TASK -> Look through the records below for the line with "Kit 4 Fronhas". Return that line and each one after it up to and including the line with "斯万塔，雪，山脉，梅斯蒂亚高清在线视频素材下载", exactly.

PROVIDED RECORDS ->
• • • •

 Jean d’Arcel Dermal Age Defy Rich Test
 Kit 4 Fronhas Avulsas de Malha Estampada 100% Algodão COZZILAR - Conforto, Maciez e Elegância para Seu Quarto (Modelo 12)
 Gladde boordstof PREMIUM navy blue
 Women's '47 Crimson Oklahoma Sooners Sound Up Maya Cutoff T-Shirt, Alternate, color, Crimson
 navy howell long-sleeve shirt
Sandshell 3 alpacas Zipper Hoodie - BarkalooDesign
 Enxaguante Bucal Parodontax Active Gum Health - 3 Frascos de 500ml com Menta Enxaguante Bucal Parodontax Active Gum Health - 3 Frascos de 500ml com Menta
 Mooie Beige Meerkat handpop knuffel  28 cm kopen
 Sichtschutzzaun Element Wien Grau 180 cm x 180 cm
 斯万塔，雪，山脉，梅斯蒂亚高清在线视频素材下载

• • • •

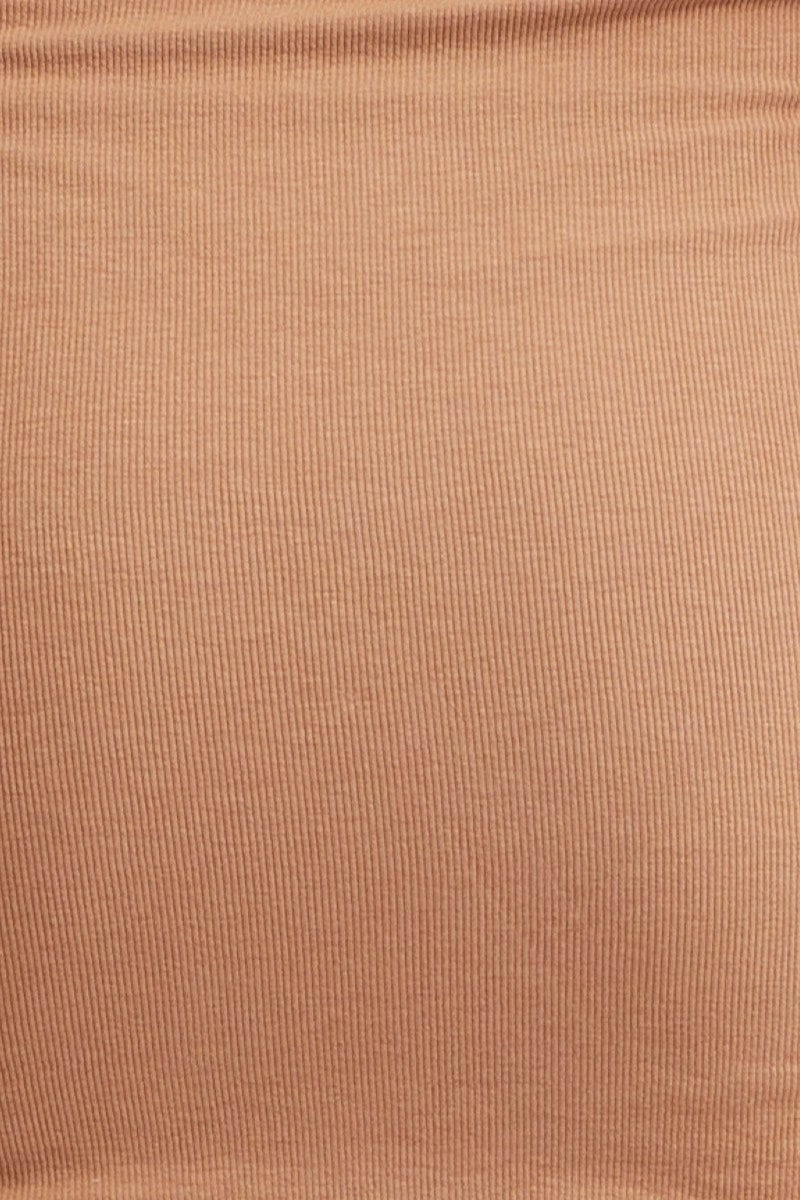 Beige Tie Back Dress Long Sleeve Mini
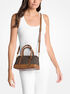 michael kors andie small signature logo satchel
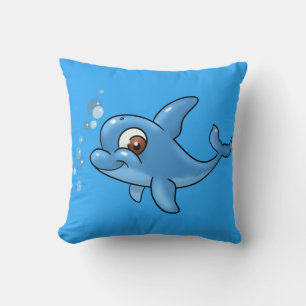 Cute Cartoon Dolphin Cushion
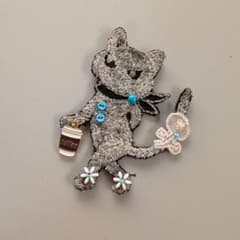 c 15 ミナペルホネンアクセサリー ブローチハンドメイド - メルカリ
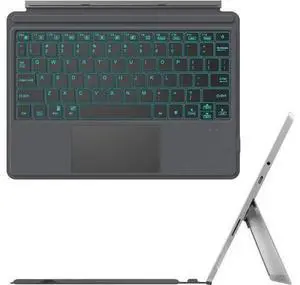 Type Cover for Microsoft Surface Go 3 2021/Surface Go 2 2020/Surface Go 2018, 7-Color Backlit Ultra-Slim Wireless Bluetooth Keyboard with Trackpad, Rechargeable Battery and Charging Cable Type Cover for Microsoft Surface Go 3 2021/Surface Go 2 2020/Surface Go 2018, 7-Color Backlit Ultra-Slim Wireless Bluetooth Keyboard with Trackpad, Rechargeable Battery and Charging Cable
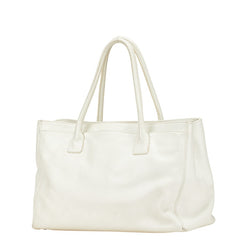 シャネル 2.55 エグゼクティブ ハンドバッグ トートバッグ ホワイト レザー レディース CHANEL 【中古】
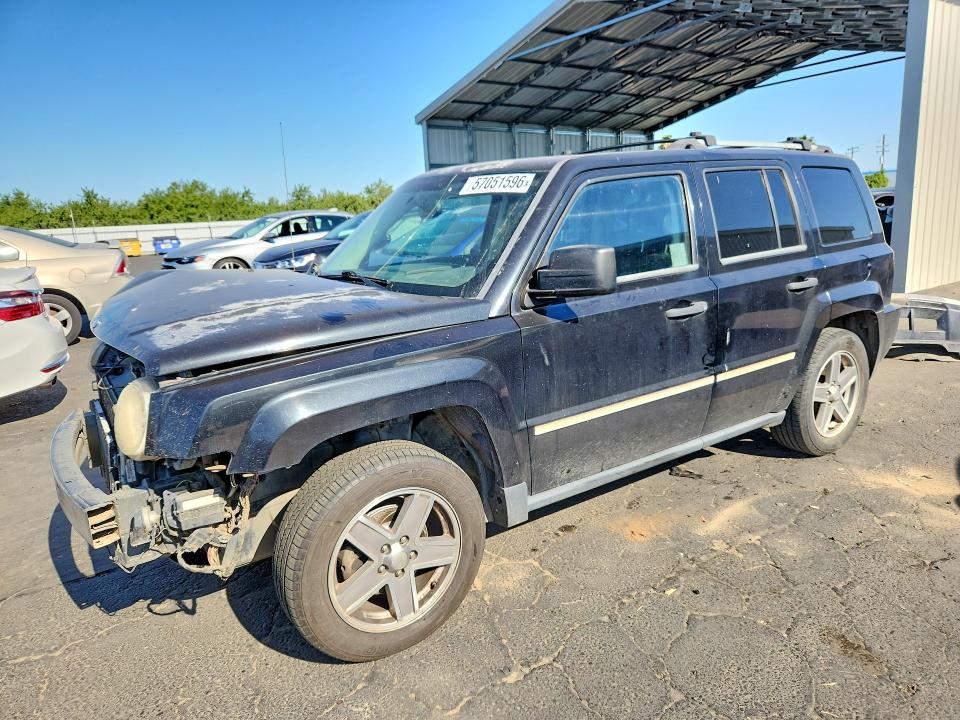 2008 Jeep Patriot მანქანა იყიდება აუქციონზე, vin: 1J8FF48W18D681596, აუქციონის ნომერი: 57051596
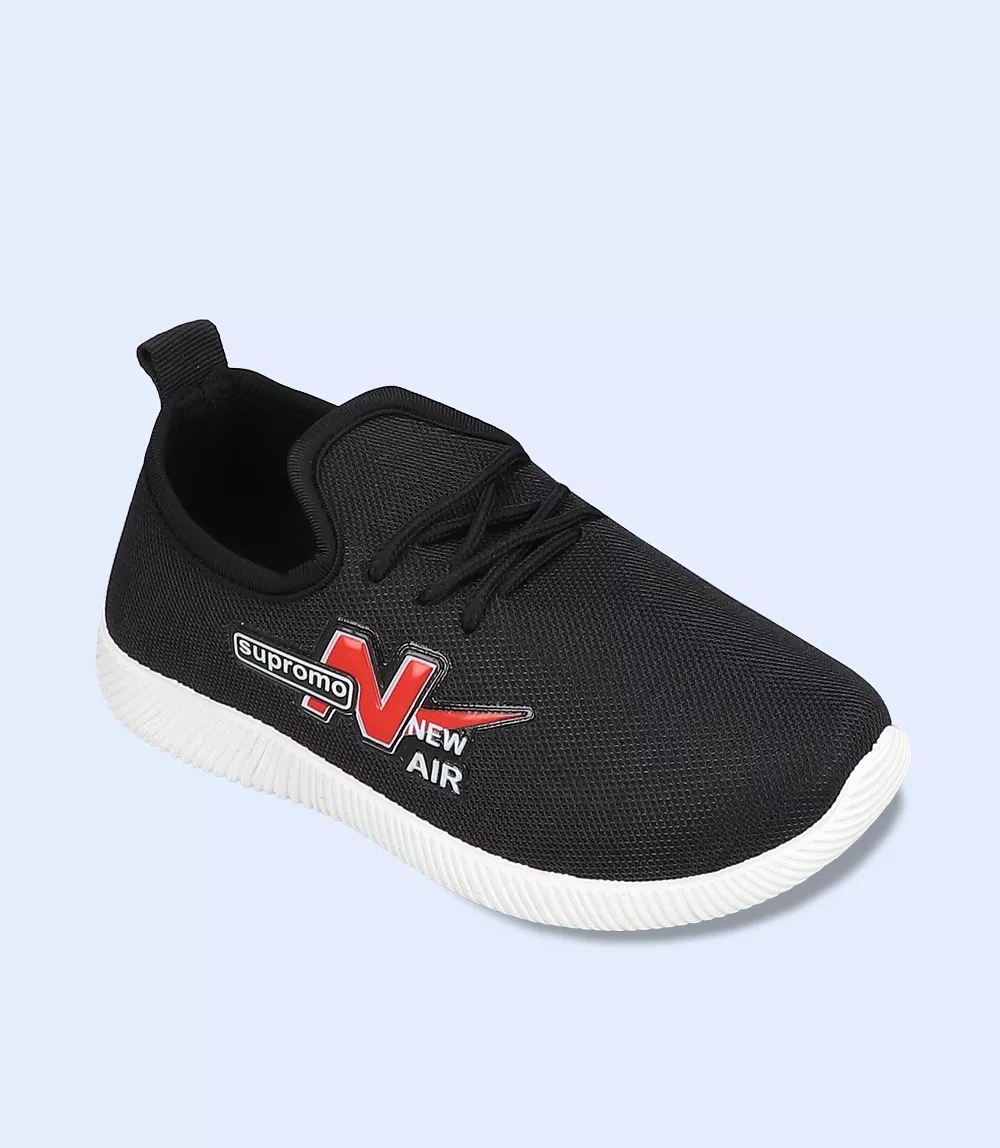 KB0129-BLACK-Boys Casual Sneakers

• • • •

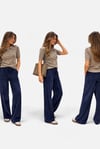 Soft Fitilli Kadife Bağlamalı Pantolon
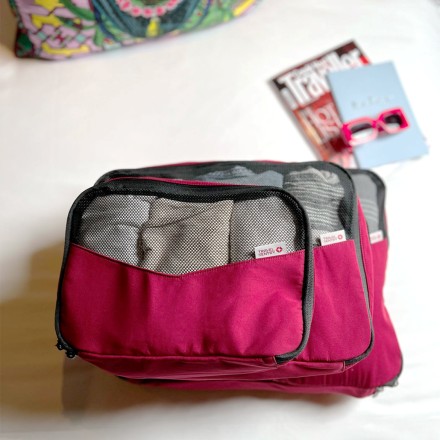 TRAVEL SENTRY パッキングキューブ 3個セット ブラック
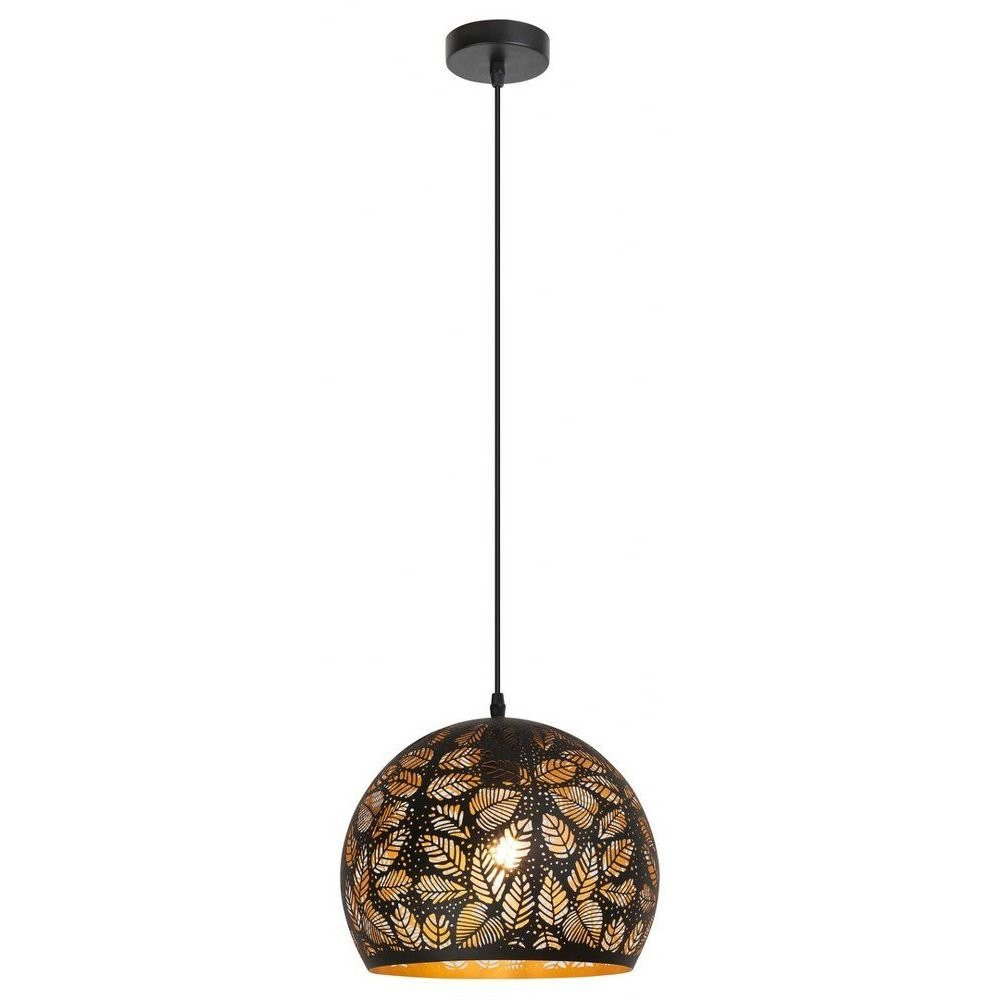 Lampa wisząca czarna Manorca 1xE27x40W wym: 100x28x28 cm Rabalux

• • • •

EXPECTED ANSWER ->
 Kit 4 Fronhas Avulsas de Malha Estampada 100% Algodão COZZILAR - Conforto, Maciez e Elegância para Seu Quarto (Modelo 12)
 Gladde boordstof PREMIUM navy blue
 Women's '47 Crimson Oklahoma Sooners Sound Up Maya Cutoff T-Shirt, Alternate, color, Crimson
 navy howell long-sleeve shirt
Sandshell 3 alpacas Zipper Hoodie - BarkalooDesign
 Enxaguante Bucal Parodontax Active Gum Health - 3 Frascos de 500ml com Menta Enxaguante Bucal Parodontax Active Gum Health - 3 Frascos de 500ml com Menta
 Mooie Beige Meerkat handpop knuffel  28 cm kopen
 Sichtschutzzaun Element Wien Grau 180 cm x 180 cm
 斯万塔，雪，山脉，梅斯蒂亚高清在线视频素材下载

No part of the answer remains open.